The employees alleged Navistar breached the terms of its employment relationship with them and they were constructively or wrongfully dismissed after the plant closure because the company failed to bargain the completion of a closure agreement with the union.

They wanted the court to certify their proposed class action so they could seek compensation for items like outstanding wages, vacation pay, overtime, benefits and severance.

However, the company argued the employees were still represented by the CAW and the labour relations mechanism embodied in the Labour Relations Act (LRA) displaces the common law of individual employment contracts, so it was a matter for the OLRB.

In a 12-page written ruling, Justice Gates agreed with Navistar, stating the CAW retains its certification as the exclusive bargaining agent of the employees whether a collective agreement is in force or not, and the matter is subject to the exclusive jurisdiction of the OLRB.

“There is an ongoing duty on both parties to bargain in good faith and, so long as that obligation remains, the three-part relationship between union, employer and employee created by the LRA displaces common law concepts,” he wrote. “In other words, the termination of a collective agreement has no effect on the parties’ ongoing obligation to bargain in good faith.”

Court had no jurisdiction

Justice Gates said the court has no jurisdiction to entertain the claims asserted by the Navistar employees, and to allow the class action would be tantamount to permitting the employees and their union to do indirectly what they are forbidden to do directly, and that is to circumvent the collective bargaining relationship that survives the plant closure.

Further, from a common sense perspective, it’s difficult to understand how Navistar could negotiate separate closure agreements with several hundred individual employees, he said, noting that “this would not only be unworkable, it would lead to chaos.”

John Field and Lauri Reesor of Hicks Morley in Toronto, who were counsel for Navistar on the case, contended three significant decisions handed down by the Supreme Court of Canada determined that the courts had no jurisdiction in the matter.

“There’s a clear line of authority that he (Justice Gates) had to follow that holds that where the union is in place its certification still exists and it hasn’t abandoned its bargaining rights,” said Field. “There is no concurrent jurisdiction.

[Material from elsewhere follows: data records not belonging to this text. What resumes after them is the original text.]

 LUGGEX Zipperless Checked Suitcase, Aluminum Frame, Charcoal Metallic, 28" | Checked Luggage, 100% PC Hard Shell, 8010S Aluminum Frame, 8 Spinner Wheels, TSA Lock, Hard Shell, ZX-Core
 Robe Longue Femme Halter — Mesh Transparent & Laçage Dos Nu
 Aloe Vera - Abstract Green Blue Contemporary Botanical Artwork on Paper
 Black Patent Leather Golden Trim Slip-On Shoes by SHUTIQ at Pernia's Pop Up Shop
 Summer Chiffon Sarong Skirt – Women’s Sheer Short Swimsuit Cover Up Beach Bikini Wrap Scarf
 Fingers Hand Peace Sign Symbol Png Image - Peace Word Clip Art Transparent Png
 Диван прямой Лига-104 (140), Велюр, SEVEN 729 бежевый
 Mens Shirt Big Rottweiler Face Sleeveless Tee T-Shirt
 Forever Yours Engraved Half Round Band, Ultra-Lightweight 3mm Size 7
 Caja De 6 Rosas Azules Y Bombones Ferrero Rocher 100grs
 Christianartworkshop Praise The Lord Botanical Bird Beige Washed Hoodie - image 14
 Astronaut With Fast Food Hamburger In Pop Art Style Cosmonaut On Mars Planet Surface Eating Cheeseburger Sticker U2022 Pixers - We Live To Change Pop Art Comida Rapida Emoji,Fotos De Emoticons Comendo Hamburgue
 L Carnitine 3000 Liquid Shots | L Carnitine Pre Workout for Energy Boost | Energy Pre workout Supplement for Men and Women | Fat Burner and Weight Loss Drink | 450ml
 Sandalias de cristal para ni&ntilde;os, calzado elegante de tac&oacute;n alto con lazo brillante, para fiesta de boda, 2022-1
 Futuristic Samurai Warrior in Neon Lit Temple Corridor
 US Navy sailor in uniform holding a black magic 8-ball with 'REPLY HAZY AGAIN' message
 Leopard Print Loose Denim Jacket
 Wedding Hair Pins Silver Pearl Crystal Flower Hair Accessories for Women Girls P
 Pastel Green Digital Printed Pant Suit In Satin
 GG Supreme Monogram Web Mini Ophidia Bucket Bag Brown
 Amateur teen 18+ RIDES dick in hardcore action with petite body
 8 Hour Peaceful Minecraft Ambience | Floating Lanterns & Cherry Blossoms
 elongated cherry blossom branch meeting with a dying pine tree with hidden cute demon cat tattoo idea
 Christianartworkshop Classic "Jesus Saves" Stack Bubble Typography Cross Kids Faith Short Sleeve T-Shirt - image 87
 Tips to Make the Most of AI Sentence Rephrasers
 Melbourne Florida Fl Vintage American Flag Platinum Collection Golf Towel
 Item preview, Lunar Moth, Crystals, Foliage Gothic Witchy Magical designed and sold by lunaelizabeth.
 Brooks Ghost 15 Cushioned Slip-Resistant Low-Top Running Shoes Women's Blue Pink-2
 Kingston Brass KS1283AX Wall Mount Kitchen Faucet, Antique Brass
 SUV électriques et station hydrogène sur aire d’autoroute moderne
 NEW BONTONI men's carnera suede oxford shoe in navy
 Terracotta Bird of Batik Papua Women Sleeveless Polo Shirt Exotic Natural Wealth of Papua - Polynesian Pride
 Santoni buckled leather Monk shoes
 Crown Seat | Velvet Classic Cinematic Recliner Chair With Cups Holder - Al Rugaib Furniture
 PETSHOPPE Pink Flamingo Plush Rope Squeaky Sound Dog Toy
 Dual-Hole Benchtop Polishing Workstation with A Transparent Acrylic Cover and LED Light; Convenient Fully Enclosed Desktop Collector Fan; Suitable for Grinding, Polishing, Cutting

There is an exclusive jurisdiction governed by the Labour Relations Act and the body that enforces that act is the OLRB.”

Field said the ruling is significant because it confirms that when the union continues to be the bargaining agent for workers, there’s no individual bargaining with the employees.

Union disappointed with ruling

The union, predictably, is disappointed at the judge’s ruling and intends to appeal the decision, said Lewis Gottheil, the CAW staff lawyer who represented the Navistar employees.

“Our view was that when there’s no collective agreement, a worker has an option to go to court,” he said. “The employer argued that all of this was a collective bargaining issue and there was no cause for action by the courts because there’s no individual contracts.”

Gottheil said unionized workplaces shouldn’t fret about the decision because the Navistar situation was unique, and the plant closed while there was no agreement in place.

“A lot of times what happens is that the agreement expires and then somebody goes out on strike or gets locked out and then there’s a closure,” he said. “This is different. To that degree, it doesn’t have broad applications but the principles of law are still important.”

Despite the ruling, Gottheil said the battle is not over.

“We believe we do have the ability to appeal,” he said. “We are looking at it (the judge’s ruling) carefully and we’re looking at what the grounds of appeal may be.”

Navistar, meanwhile, intends to oppose any appeal.

“Our position is they can seek to appeal but the decision is correct,” said lawyer Field. “There is no proposed class action right now because the action’s been dismissed.”

Grant Cameron is a Toronto-based freelance writer.